2. Toxicology and Management

• Antidote for Acetylcholine Toxicity: Atropine, a non-selective muscarinic antagonist.

• Organophosphates: Malathion and Parathion used as insecticides. Parathion metabolizes to paraoxon, a toxic form.

Nerve Gases

• Synthesis of nerve agents for chemical warfare, highly volatile and toxic. Generally categorized by a series (G-series agents like Tabun, Sarin, Soman). Risk exists via dermal exposure or inhalation.

CNS Acting Anti-Cholinesterases

• Used for treating Alzheimer’s disease (Tacrine, Donepezil).

• Indirect Acting Anticholinesterases in Alzheimer's Disease

  • Tacrine:

  • Reversible cholinesterase inhibitor.

  • Used for mild to moderate Alzheimer's disease.

  • Conflicting efficacy results.

  • Donepezil:

  • Reversible acetylcholinesterase inhibitor.

  • Used for mild to moderate Alzheimer's disease.

  • Half-life: 70 hours.

  • 96% bound to plasma proteins.

  • Galantamine:

  • Alkaloid from Leucojum aestivum and Narcissus pseudonarcissus.

  • Also a reversible cholinesterase inhibitor for Alzheimer's disease.

  • Rivastigmine:

  • Pseudo irreversible, non-competitive carbamate inhibitor.

  • Half-life: 2 hours.

  • Duration of action: 10 hours.

  • Approved for Alzheimer’s and Parkinson’s-associated dementia.

• Acetylcholine Toxicity:

  • Increased levels lead to symptoms summarized by mnemonic "DUMBELLS":

  • D: Diarrhea, U: Urination, M: Miosis, B: Bradycardia,

  • B: Bronchoconstriction, E: Emesis, L: Lacrimation, S: Salivation.

• Antidotes for Acetylcholine Toxicity:

  • Atropine: Acts at receptor level.

  • Pralidoxime: Reactivates enzymes if given within 36 hours of exposure.

• Cholinergic Antagonists:

  • Competitive antagonists of acetylcholine (muscarinic receptors).

  • Actions: Reduced GI motility, mydriasis, decreased salivation (antisialogue), and gastric acid secretion.

• Major Cholinergic Antagonists:

  • Atropine: Antidote for acetylcholine toxicity.

  • Scopolamine: Used for motion sickness.

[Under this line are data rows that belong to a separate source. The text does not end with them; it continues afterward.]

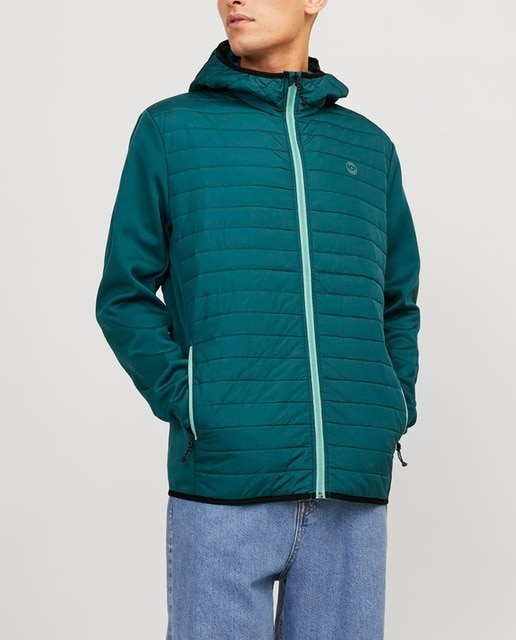 Imagen 0 de Cazadora de hombre gris con capucha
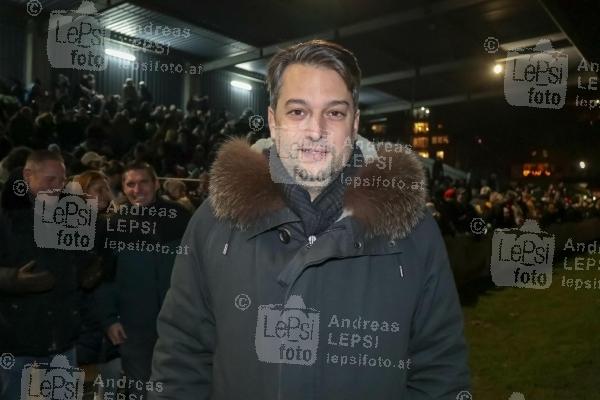 12.12.2022 |  SR Donaufeld |  Wiens spektakulärster Perchtenlauf!<br>im Bild:<br> StR Dominik Nepp,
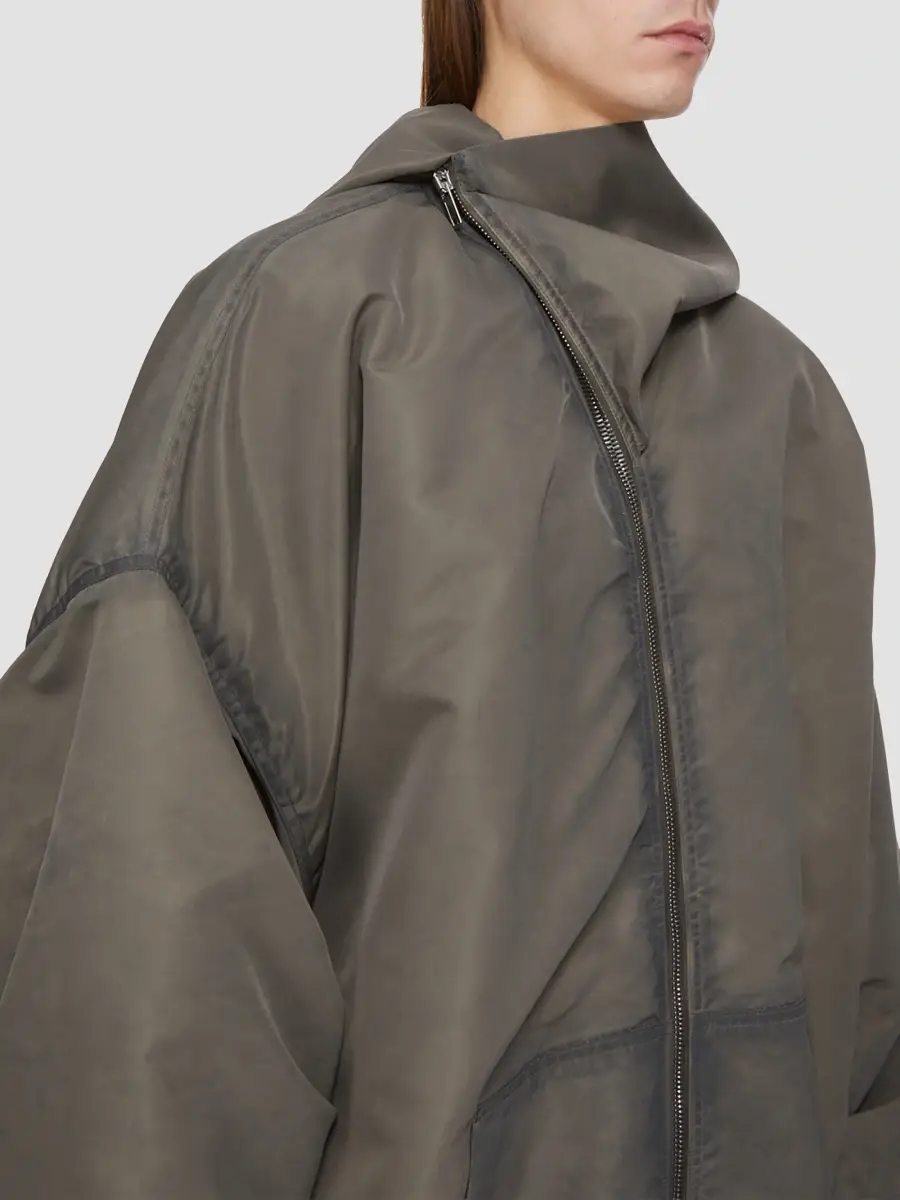 Rick Owens Men's Mountain Hun Hooded Jacket | Thumbnail 5 Rick Owens Men's Mountain Hun Hooded Jacket | Thumbnail 5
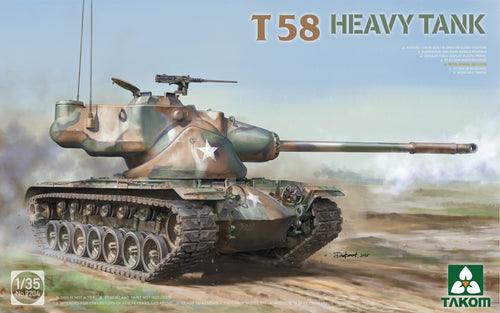 1/35 T58 Heavy Tank - Hobby Sense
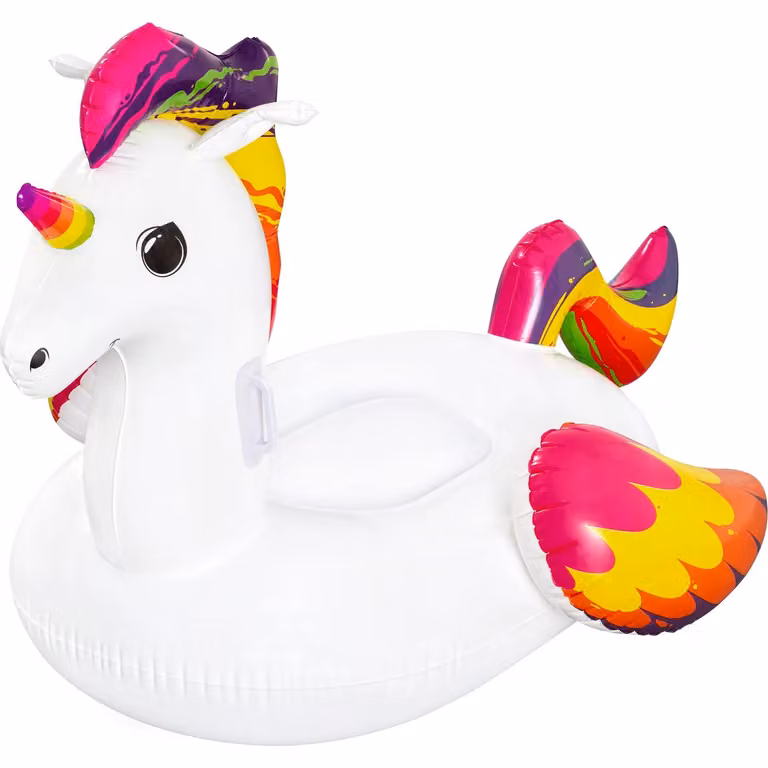 Unicorno gonfiabile fantasy cavalcabile Bestway multicolore L/P/H: 163 x 110 x 95,5 cm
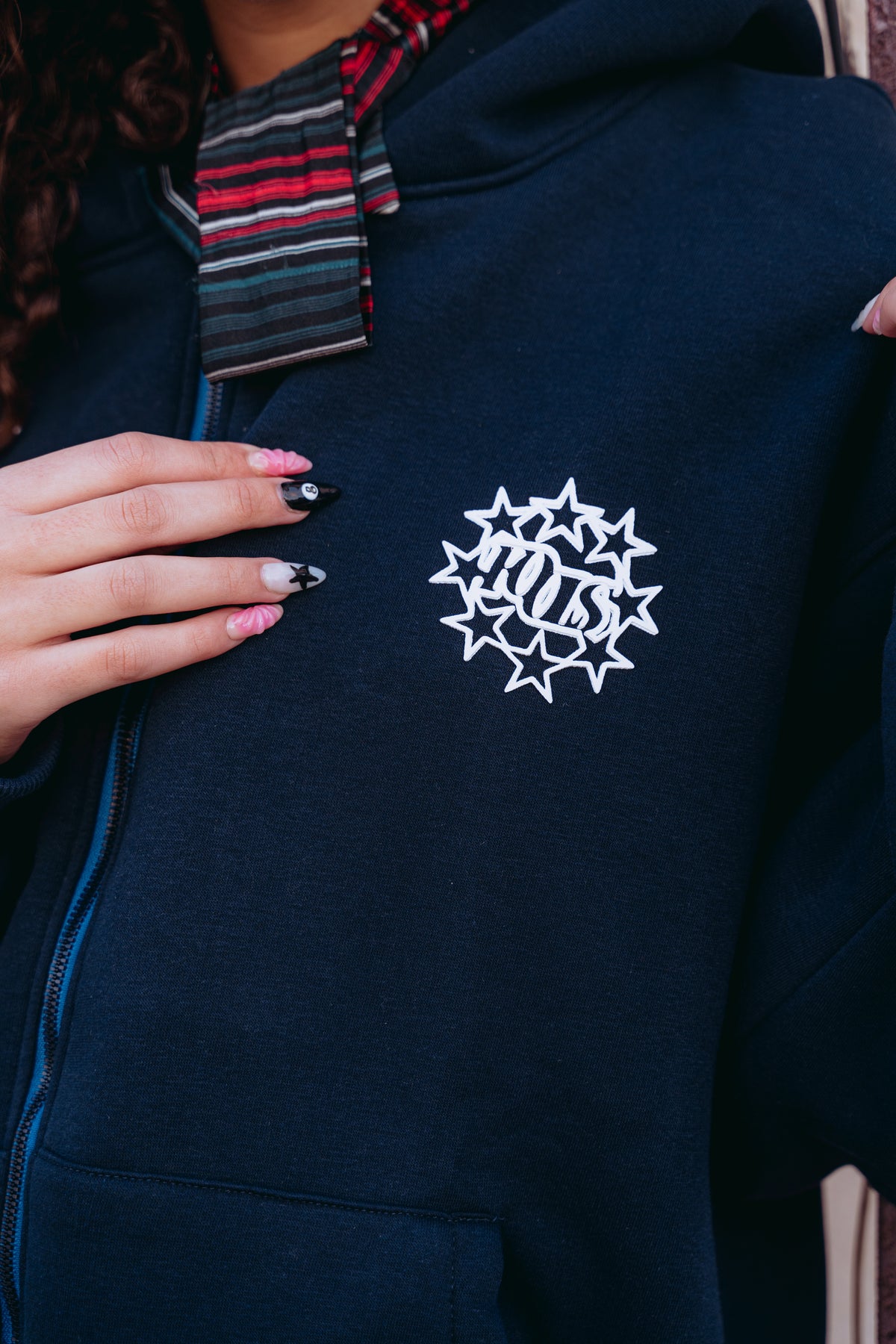 LOUVRE X NAVY ZIPUP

  • Oxybutynin: For overactive bladder, but may cause dry mouth.

• Therapeutic Classifications:

  • Solanaceous Alkaloids: Atropine, hyoscyamine, scopolamine.

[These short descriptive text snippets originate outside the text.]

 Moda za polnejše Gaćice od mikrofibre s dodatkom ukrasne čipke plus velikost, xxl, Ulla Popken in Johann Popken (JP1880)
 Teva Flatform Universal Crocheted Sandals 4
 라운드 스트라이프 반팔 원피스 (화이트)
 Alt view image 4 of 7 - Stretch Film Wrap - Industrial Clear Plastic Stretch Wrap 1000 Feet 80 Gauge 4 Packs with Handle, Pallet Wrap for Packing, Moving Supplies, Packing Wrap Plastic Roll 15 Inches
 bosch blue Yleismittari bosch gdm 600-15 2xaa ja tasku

  • Synthetic Agents: Amino alcohols (benztropine), amides (tropicamide), esters (glycopyrrolate).

• Therapeutic Actions of Anticholinergics:

  • Respiratory: Ipratropium for COPD.

  • GI Tract: Glycopyrrolate.

  • Ocular: Homatropine/cyclopentolate for pupil dilation.

  • CNS: Scopolamine for motion sickness (prophylactic use).

• Adverse Effects:

  • Common: Dry mouth (xerostomia), blurred vision, constipation, cognitive impairment.

  • Contraindications: Urinary obstruction, GI obstruction, angle-closure glaucoma, prostatic hyperplasia.